ちなみに私は年賀状は毎年、那覇市内の某郵便局に勤める某君から購入している。某(キセタカノリ)君の過酷なノルマに協力しているわけだ。

(キセタカノリ)某君のお祖母様からは毎年タンカンを送って頂くし、お父上からは毎年クリスマスケーキを送って頂いている。そのお孫さん兼ご子息であるキセ(某)タカノリ君から年賀状を買うことくらい安いもんである。

昨年の年賀状の購入枚数は2000枚であった。

10万円払うくらいなら、年賀状を年賀メールに切り替えてタンカンとクリスマスケーキは自腹で買った方が安いんじゃないか

とか、そういう下衆な、しみったれた計算はしちゃいけないのである。ほらほら、そこのあなた。電卓たたかない。

 

ところで。

 

昨年の私の年賀状発送枚数は2000枚弱だった。

頂く年賀状はその半分くらいだろうか。特に数えたことはないのでよく分からないが。

今更というか、少々古い話題で恐縮だが、昨年12月頃、TVを観ていたら私の大嫌いなママタレ(ホントに大嫌いなので特に名を秘す。何年か前に離婚して今はシングルマザーである。国民的アニメの声の仕事とかもやっている。)が偉そうな顔して、

「最近の年賀状って印刷だけで味気ないですよね。せっかく出すんだから、一言でいいから手書きでメッセージは添えるべきですよね。」

とのたまっておられた。

私が「イラッ」と来たのは言うまでもない。

おめーよ、出来るもんなら2000枚の年賀状に一言メッセージ添えてみろよ。それも毎日仕事しながらよ。
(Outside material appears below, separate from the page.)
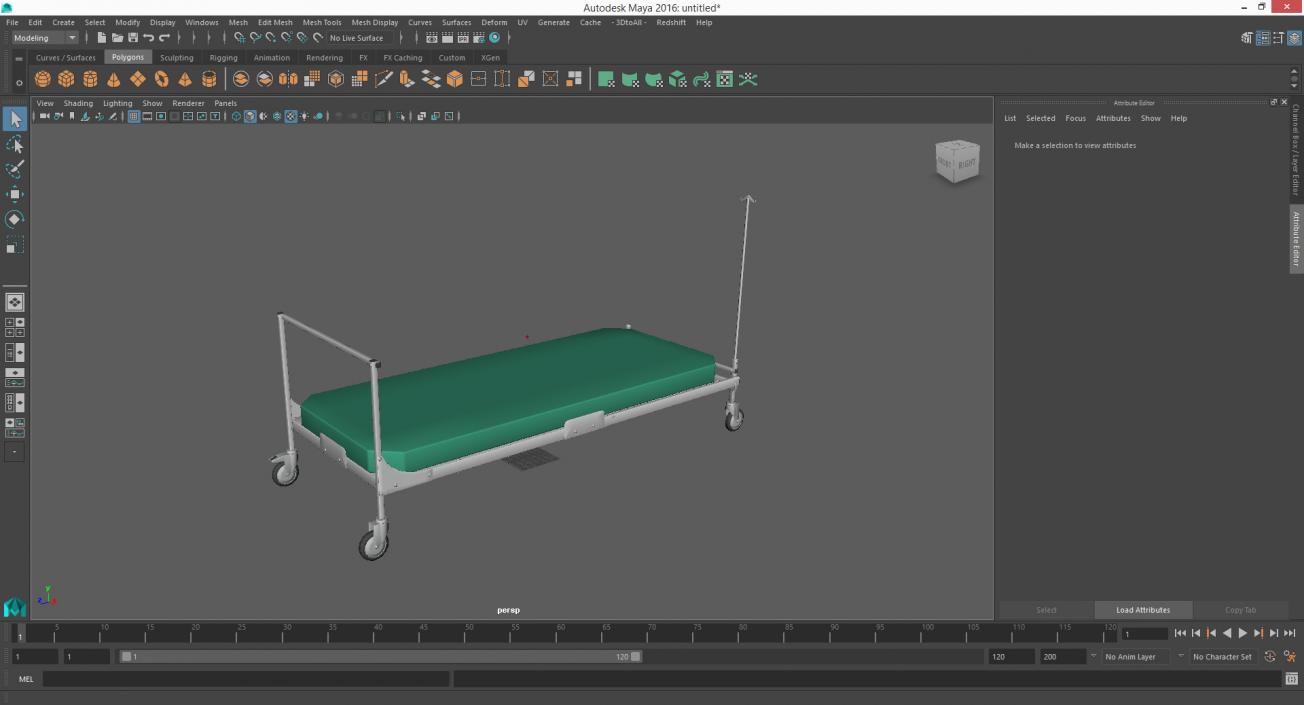 3D Hospital Bed with Mattress Flat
1年365日で単純計算すれば1日約6枚である。しかし、翌年の年賀状の発売はだいたい前年の11月1日だから、年内に投函するとしたら1日当たり33枚だ。雨の降る日も風の吹く日も健やかなるときも病めるときも貧しいときも富めるときも毎日33枚ずつ年賀状を書き続けるのだ。1日6枚だって大変なのに。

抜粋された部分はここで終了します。